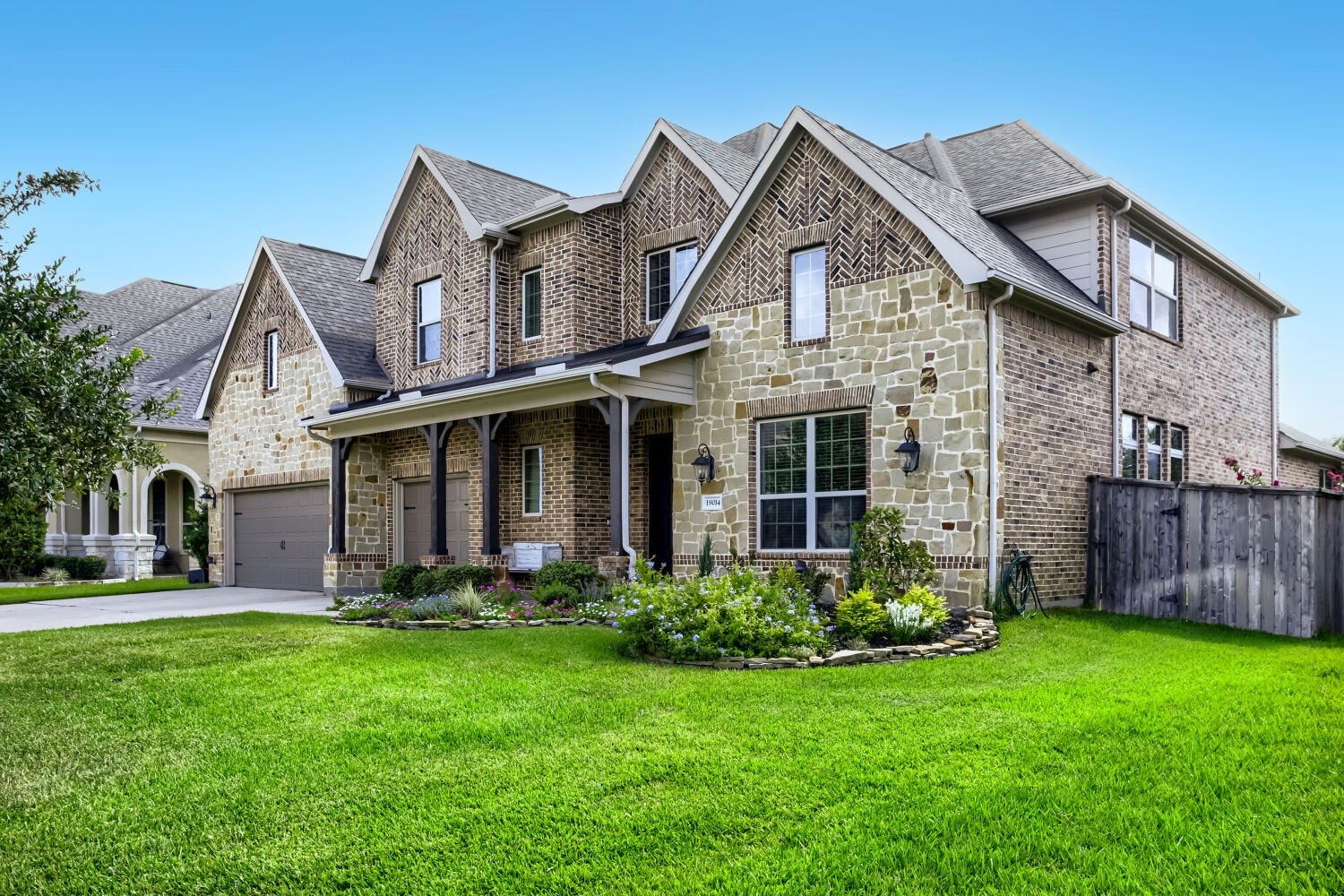 An impressive 3 car garage complements this exceptional home, both funtionality and luxury while enhancing the home's grand presence and timeless appeal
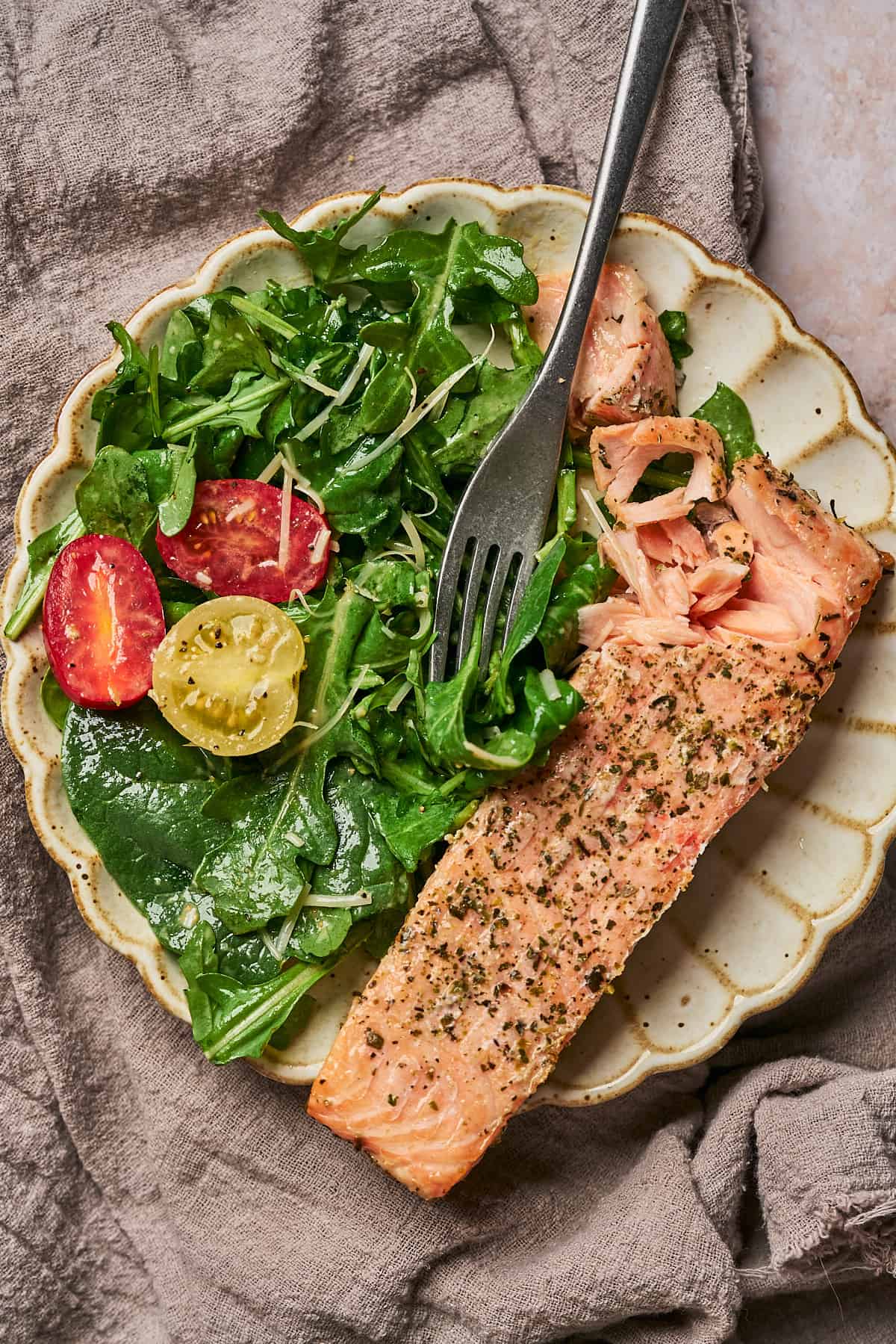 arugula spinach salad with tomatoes on a plate with a slice of salmon. 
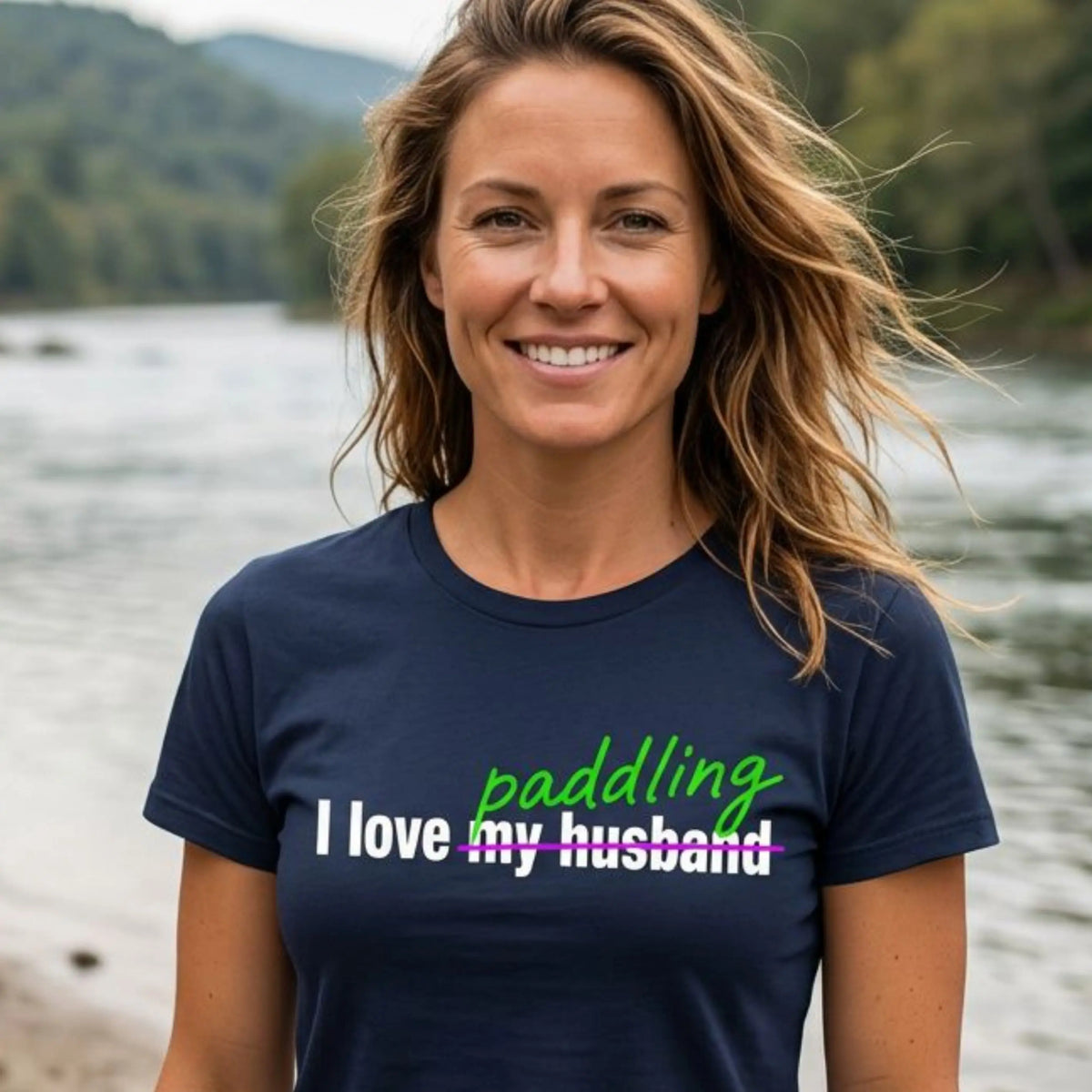 Woman wearing the I Love Paddling fitted tee in Navy by a river — "I love my husband" crossed out for "paddling" — Vector Paddle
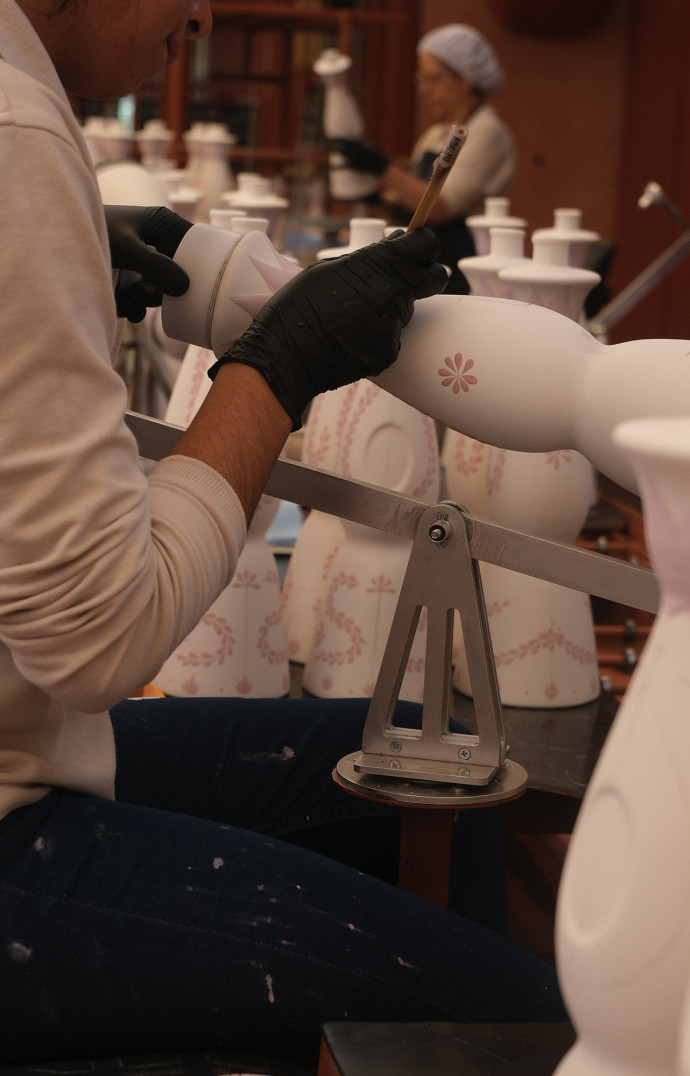 Les artisanes de la marque peignent chaque bouteille à la main.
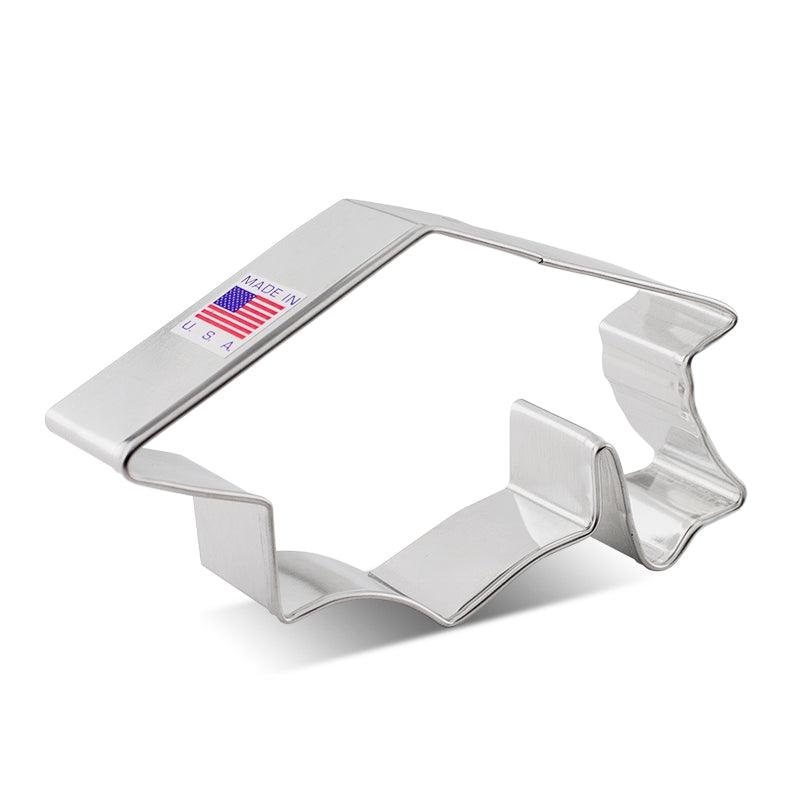 a graduation cap cookie cutter by Ann Clark Cutters. Size is 4 3/8"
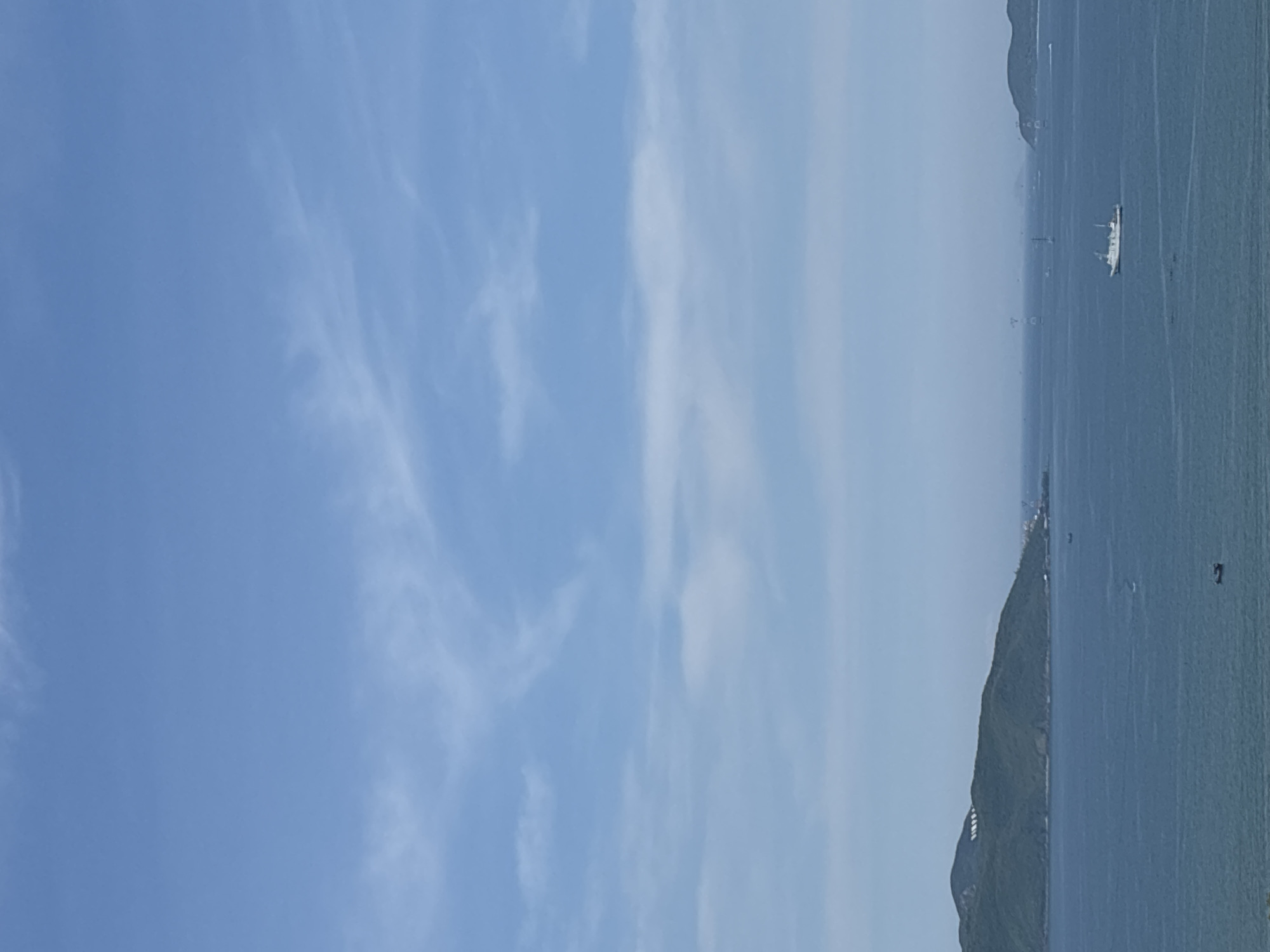 A high-angle, wide shot captures a serene coastal landscape under a clear blue sky with wispy clouds. In the foreground, a vast expanse of deep blue water stretches towards the horizon. A single white boat navigates the tranquil sea, positioned slightly to the right of the frame's center. In the midground, a lush, green, hilly island dominates the left side of the image, its slopes dotted with white structures. Further in the distance, other smaller islands and landmasses are faintly visible, blurring into the hazy horizon. The overall scene evokes a sense of calm and open space.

> _Required work_
Keep every word of the material exactly as given. Drop the pictures.

> _Result of the exercise_
 An impressive 3 car garage complements this exceptional home, both funtionality and luxury while enhancing the home's grand presence and timeless appeal
 arugula spinach salad with tomatoes on a plate with a slice of salmon. 
 Woman wearing the I Love Paddling fitted tee in Navy by a river — "I love my husband" crossed out for "paddling" — Vector Paddle
 Les artisanes de la marque peignent chaque bouteille à la main.
 a graduation cap cookie cutter by Ann Clark Cutters. Size is 4 3/8"
 A high-angle, wide shot captures a serene coastal landscape under a clear blue sky with wispy clouds. In the foreground, a vast expanse of deep blue water stretches towards the horizon. A single white boat navigates the tranquil sea, positioned slightly to the right of the frame's center. In the midground, a lush, green, hilly island dominates the left side of the image, its slopes dotted with white structures. Further in the distance, other smaller islands and landmasses are faintly visible, blurring into the hazy horizon. The overall scene evokes a sense of calm and open space.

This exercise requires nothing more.